Having located "Foto del edificio - 6522 N American St", write out its line and the remaining lines of the material exactly, the last one included, but not the pictures.

• RECORDS FOR THE EXERCISE:
┄┄┄┄┄┄┄┄┄┄
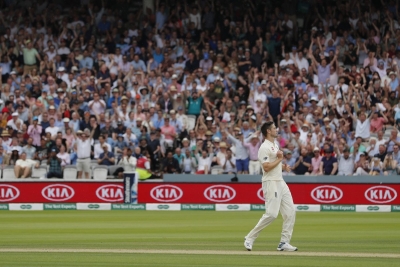 Eng v Pak 1st Test: Woakes, Buttler lead hosts to thrilling 3-wicket win | Eng v Pak 1st Test: Woakes, Buttler lead hosts to thrilling 3-wicket win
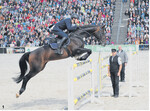 Hoch hinaus: Gerrit Nieberg mit seinem Pferd „PH Christdorn" während eines imposanten Sprungs über ein Hindernis.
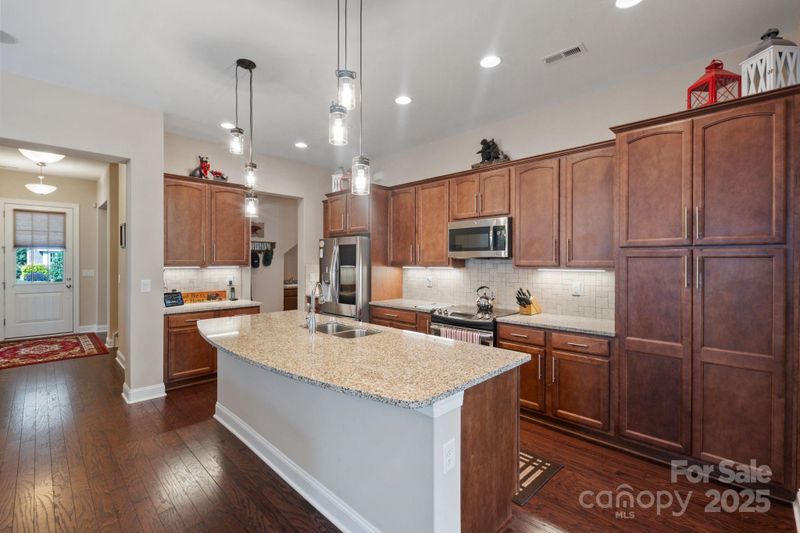 151 Chimney Rock Ct, Denver, NC 28037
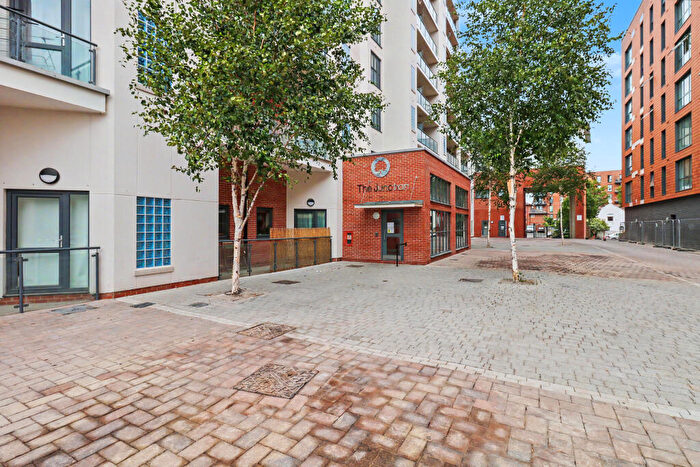2 Bedroom Flat For Sale In The Junction, Grays Place, Slough, Berkshire, SL2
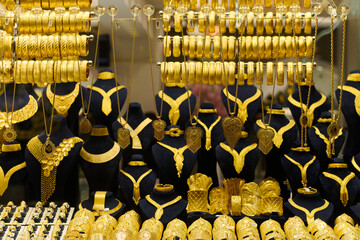 Treasures of Istanbul: A Dazzling Display of Handmade Gold Jewelry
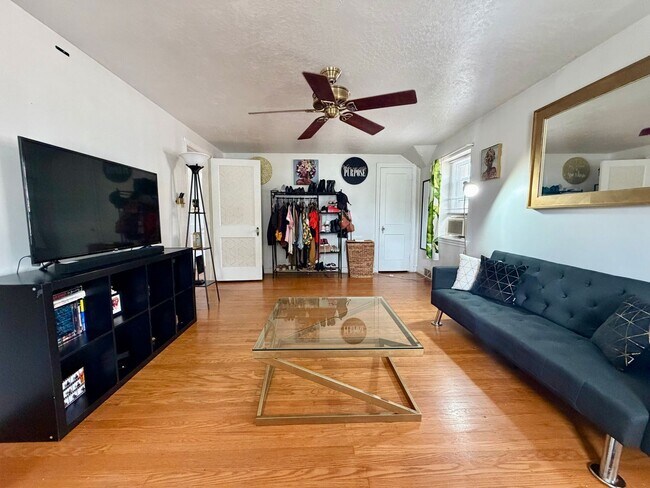 Foto del edificio - 6522 N American St
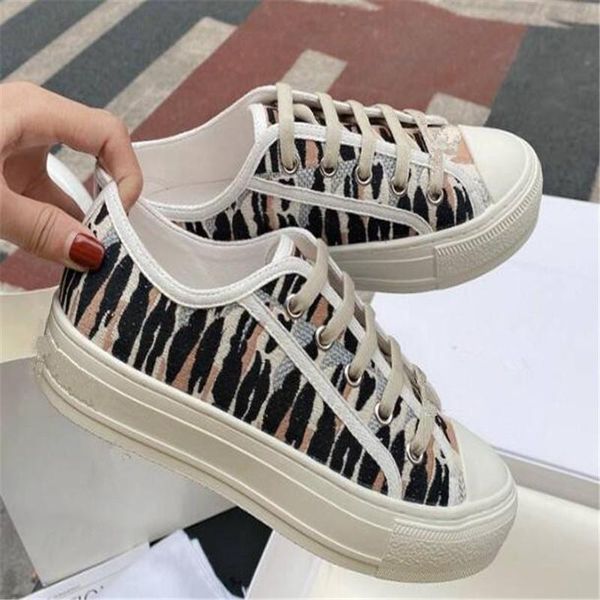 sandals white lace up sneakers zapatos de mujer sports shoes platform quality women cover heel female, Black
sandals white lace up sneakers zapatos de mujer sports shoes platform quality women cover heel female, Black
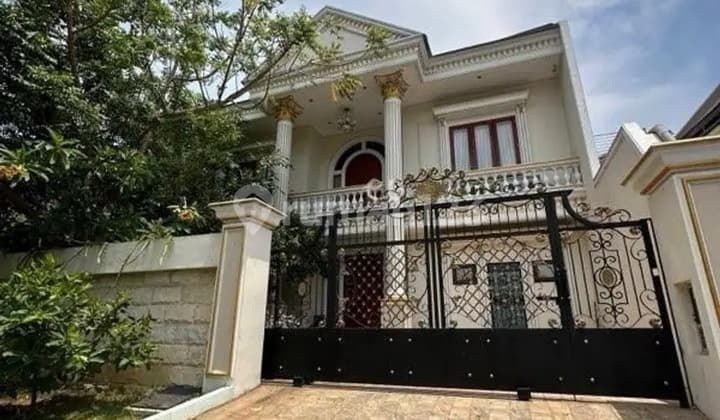 Riviera Classic Villa House Pakuwon City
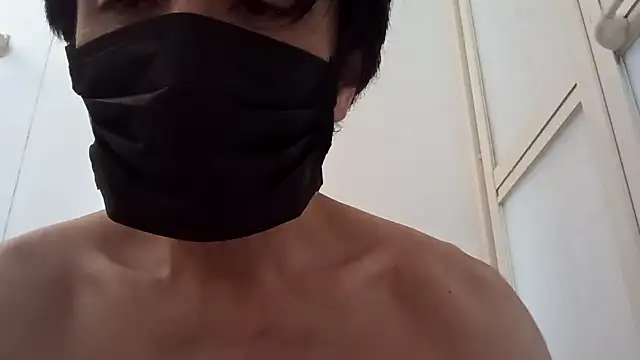 asyuuuuu online show from April 20, 2026, 3:09 am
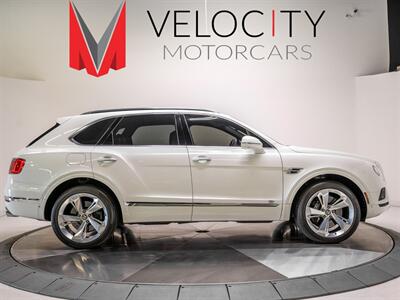 2017 Bentley Bentayga W12   - Photo 4 - Nashville, TN 37217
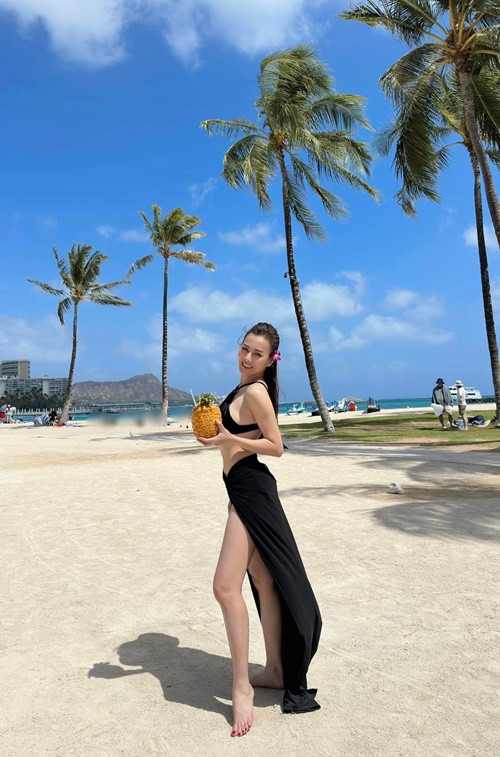 Phương Oanh gợi cảm trong trang phục áo tắm.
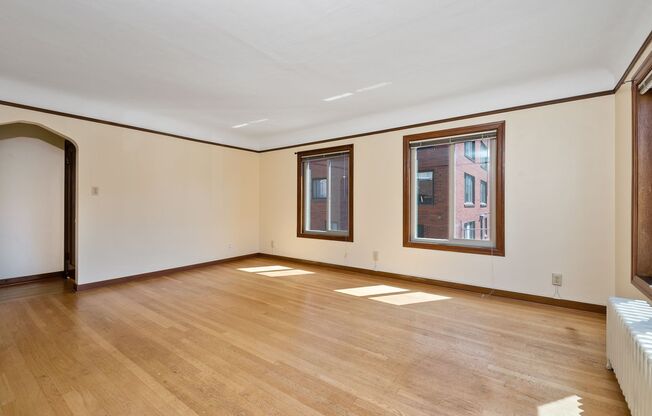 1 bed, 1 bath, 827 sqft, $1,795, Unit 206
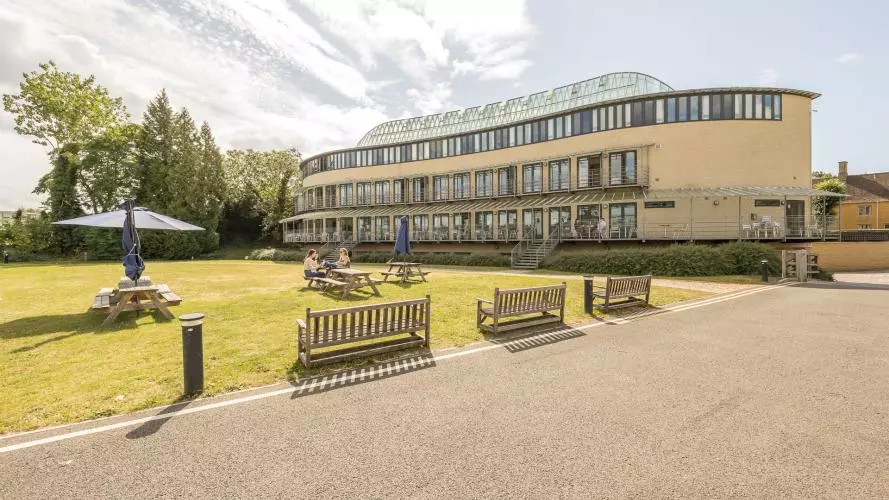 uni club exterior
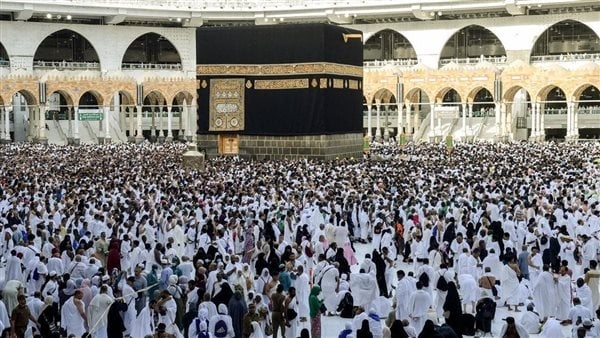 اليوم، مصر للطيران تختتم جسرها الجوي لنقل ضيوف الرحمن إلى الأراضي المقدسة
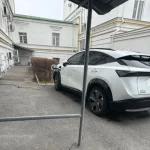 Службове розслідування щодо зарядки електромобіля у дворі міськради Полтави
┄┄┄┄┄┄┄┄┄┄
• SOLUTION BELOW:
 Foto del edificio - 6522 N American St
 sandals white lace up sneakers zapatos de mujer sports shoes platform quality women cover heel female, Black
sandals white lace up sneakers zapatos de mujer sports shoes platform quality women cover heel female, Black
 Riviera Classic Villa House Pakuwon City
 asyuuuuu online show from April 20, 2026, 3:09 am
 2017 Bentley Bentayga W12   - Photo 4 - Nashville, TN 37217
 Phương Oanh gợi cảm trong trang phục áo tắm.
 1 bed, 1 bath, 827 sqft, $1,795, Unit 206
 uni club exterior
 اليوم، مصر للطيران تختتم جسرها الجوي لنقل ضيوف الرحمن إلى الأراضي المقدسة
 Службове розслідування щодо зарядки електромобіля у дворі міськради Полтави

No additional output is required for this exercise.